Balzac and the Little Chinese Seamstress (Dai Sijie)
Two young men imprisoned in a remote Maoist re-education camp are enthralled when they discover a collection of forbidden European classics. When one of the boys decides to share these books with the local tailor's daughter, the results are not what he expected. Dai Sijie, a camp survivor himself, has written a poignant and charmingly funny debut.
The Story of Lucy Gault (William Trevor)
A misguided youthful action and its far-reaching consequences are the materials with which master storyteller Trevor crafts this novel of guilt, grief, understanding, and forgiveness. The story begins in an Ireland uneasy under English martial law in 1921, when young Lucy Gault runs away to try to force her parents not to flee the country.
Easter Island (Jennifer Vanderbes)
Although separated by sixty years, the voyages of two women to Easter Island converge in intricate ways. British Elsa Beazley, her scientist husband, and her mentally ill sister arrive in 1912; while American paleontologist Greer Faraday arrives in 1973. History, science, love, and duty intertwine in this remarkable novel of a remote and mysterious place.
The Wedding (Dorothy West)
The extended Cole family is an African-American success story in Martha's Vineyard in the 1950s. Though descendents of slaves, they are educated and affluent. When one branch of the family prepares for a wedding, however, their comfortable lives are shaken up. West was one of the writers of the Harlem Renaissance movement, and this work of her old age is superb.
Short Stories
Ten Little Indians (Sherman Alexie)
Alexie's stories address universal themes of love, loss, humor, and sacrifice, but his characters are almost always members of the Spokane tribe of the Pacific Northwest. It's this juxtaposition of Native life and culture against the white world that draws us into the writer's compassionate, straight-forward story-telling and his compelling vision of modern life.

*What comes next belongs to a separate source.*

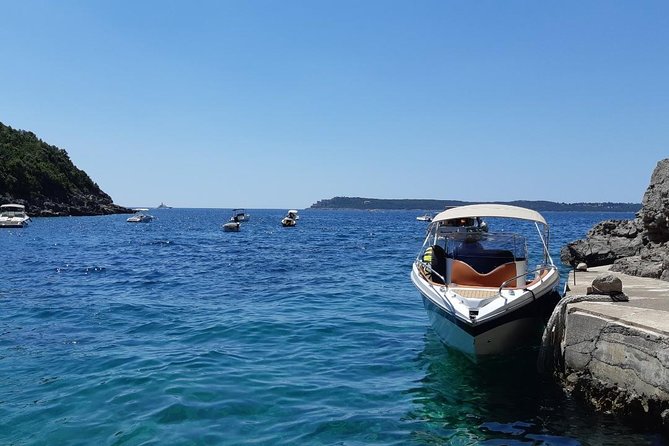 Group Blue Cave tour with a beach stop - 4h duration - Who Will Enjoy This Boat Trip Most?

Interpreter of Maladies (Jhumpa Lahiri)
This compassionate debut collection of short stories follows the lives of several Indian characters who are stoically trying to accept their dislocation to the United States. With poise and objectivity, Lahiri writes of the loneliness, the trials, and the degradation that immigrants face. Moving and thought provoking international fiction.
Drinking Coffee Elsewhere (ZZ Packer)
Packer's clear and graceful writing in this debut collection of eight stories draws the reader powerfully into the lives of the predominantly young, female, African-American characters. These well-realised characters face life in all of its complexities. This debut is all the more impressive for the author's youth.